**INFORMATION SHOWN:**

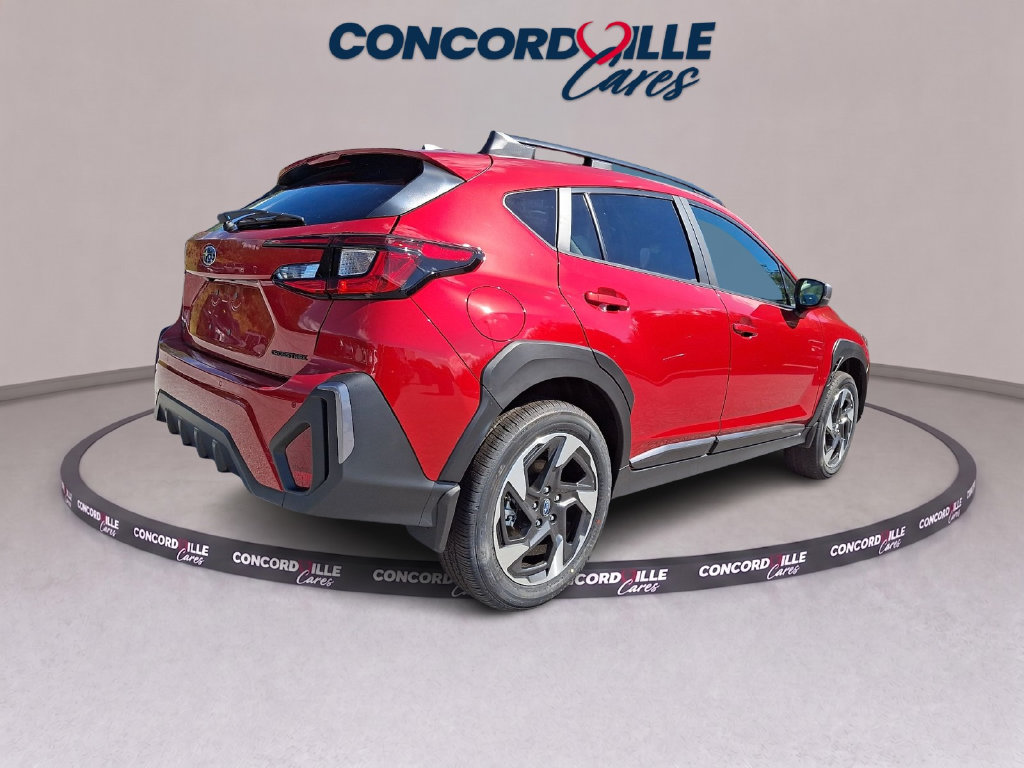New 2026 Subaru Crosstrek Limited SUV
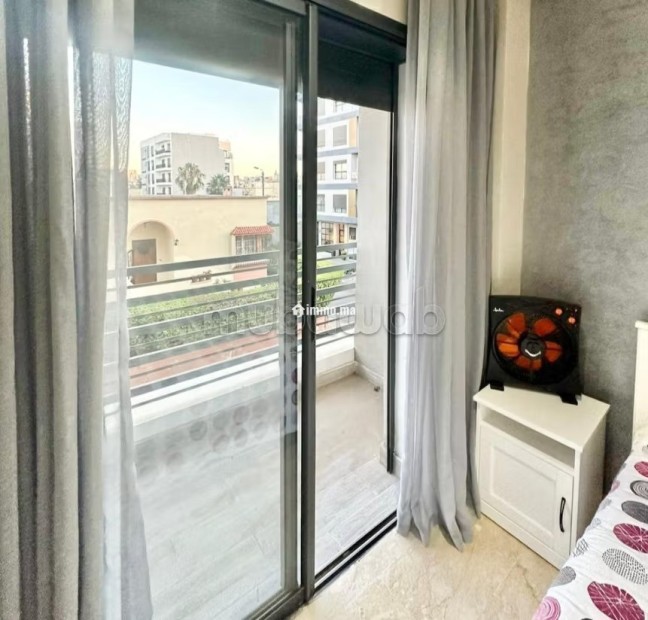 Appartement à louer à Palmier. 2 grandes pièces. Meublé - Location Immobilier - Casablanca - photo 6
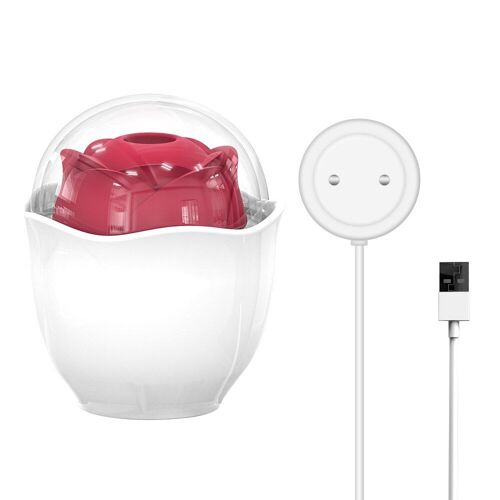 Vibrateur De Succion Éclairé Pour Femmes, 9 Vitesses, Succion Du Clitoris, Jouets Sexuels Pour Adultes, Stimulateur De Clitoris, Masturbateur Sexy Féminin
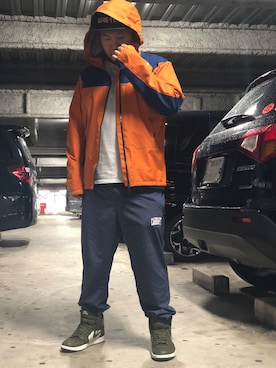 Yu Nishigakiさんのコーディネート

**WHAT IS NEEDED:** Restate word for word the lines starting at the one that contains "Appartement à louer" and ending at the last line of the data. Skip every picture.

**TASK OUTPUT:**
 Appartement à louer à Palmier. 2 grandes pièces. Meublé - Location Immobilier - Casablanca - photo 6
 Vibrateur De Succion Éclairé Pour Femmes, 9 Vitesses, Succion Du Clitoris, Jouets Sexuels Pour Adultes, Stimulateur De Clitoris, Masturbateur Sexy Féminin
 Yu Nishigakiさんのコーディネート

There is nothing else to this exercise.